As we've purposed to walk our kids through the Bible this year in chronological order, I have been keeping my eyes out for excellent resources to supplement our studies. The gospels have always fascinated me with their distinct flavors, while each telling the same story. When I saw Christ Chronological, a new resource from Lifeway publishers, I was fascinated to get my hands on it and see if it would be helpful for our pursuit. It is incredible.
I received a copy of Christ Chronological for free in exchange for my honest review. All opinions are my own. See my full disclosure for more details.
This book is exactly what it sounds like, a chronological compilation of the writings of the gospels. What I love about it is that it uses color to differentiate each gospel writer, and then places the writings side by side so the reader can clearly compare each account.
The resource begins with the prehistory and birth of Christ. As an introduction to each of the events, the editor presents helpful context for understanding the contents. He quotes Morna Hooker's observations about the importance of how a story begins and ends. She explains that "each provides important clues about the meaning of the material that lies in between."
Why Are There Four Gospels?
As we read through the gospels, its important to note the purpose and audience of each of the writers.
- Matthew wrote to the Jews with the intent to present Jesus Christ as the King of Kings
- Mark wrote to the Romans and showed how Jesus came as a Servant
- Luke, the doctor, wrote to the Greeks and focused on how Jesus was the Perfect Man
- John, written years after the first three, writes to a broader gentile world (not the Jews) and works to present Jesus as the Son of God.

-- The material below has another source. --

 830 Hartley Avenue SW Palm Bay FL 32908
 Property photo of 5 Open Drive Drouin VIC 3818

Keeping these simple purposes before you as you read through each account provides a fascinating study on why each author included each event in the way in which he did. This clever compilation does a masterful job of presenting this information in an engaging format that draws the reader in.

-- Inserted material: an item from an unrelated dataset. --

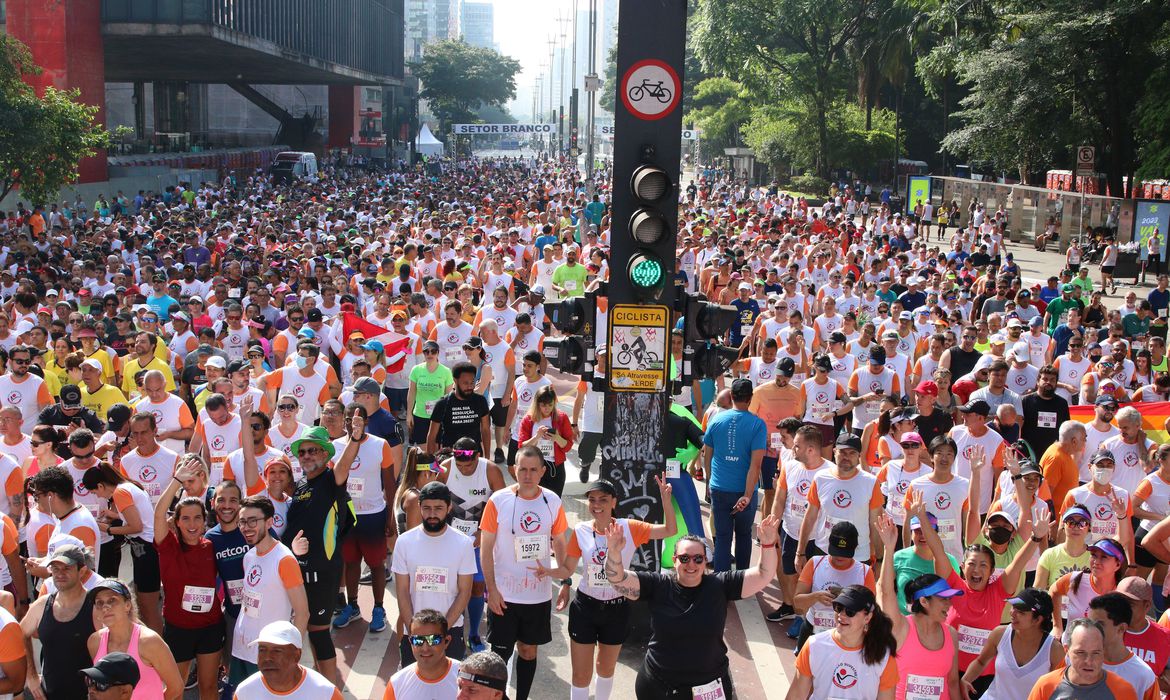 Foto mostra avenida Paulista repleta de participantes da São Silvestre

Questions to Help You Know Christ Better
I love how Aristotle's five common topics help a reader discover more about what they're thinking about. Those simple questions can bring your sanctified imagination to life in unexpected ways!
This is about understanding the basic essence or nature of a thing.
- Who is Jesus? What is a servant? What does it look like to be perfect?
You can find out more about a thing by looking at how it is similar or different than another thing, and to what degree their differences and similarities exist.
- How is Jesus similar to Abraham, Isaac, or Jacob? How is he different?
- Is the way Jesus came to earth better/worse than what the Jews expected?
There are four categories in which to discover how two things naturally relate to each other: cause/effect, antecedent/consequence, contraries, and contradictions.
- Did something cause Jesus to do what he did?
- What will happen if Jesus does or doesn't do what he promises?
This topic covers the basic limitations on what is possible as well as what is and is not probable.
- Is it possible to live a perfect life?
- Is it possible to break the curse?
- If we believe Jesus is who he says he is, can we be certain that he will save us?
- What else was going on in the world when Jesus came? preformed his miracles? died on the cross?
Who can offer an expert opinion on a subject?
- Should a disciple be considered an authority?
- What are the biases of these authorities?
- Who all said they saw these things happen? Can they be trusted?
The beauty of scripture is that can stand up to scrutiny. It has for thousands of years, and it still stands today.
Enjoy Christ Chronological with your family as you engage your mind in soaking in the scriptures.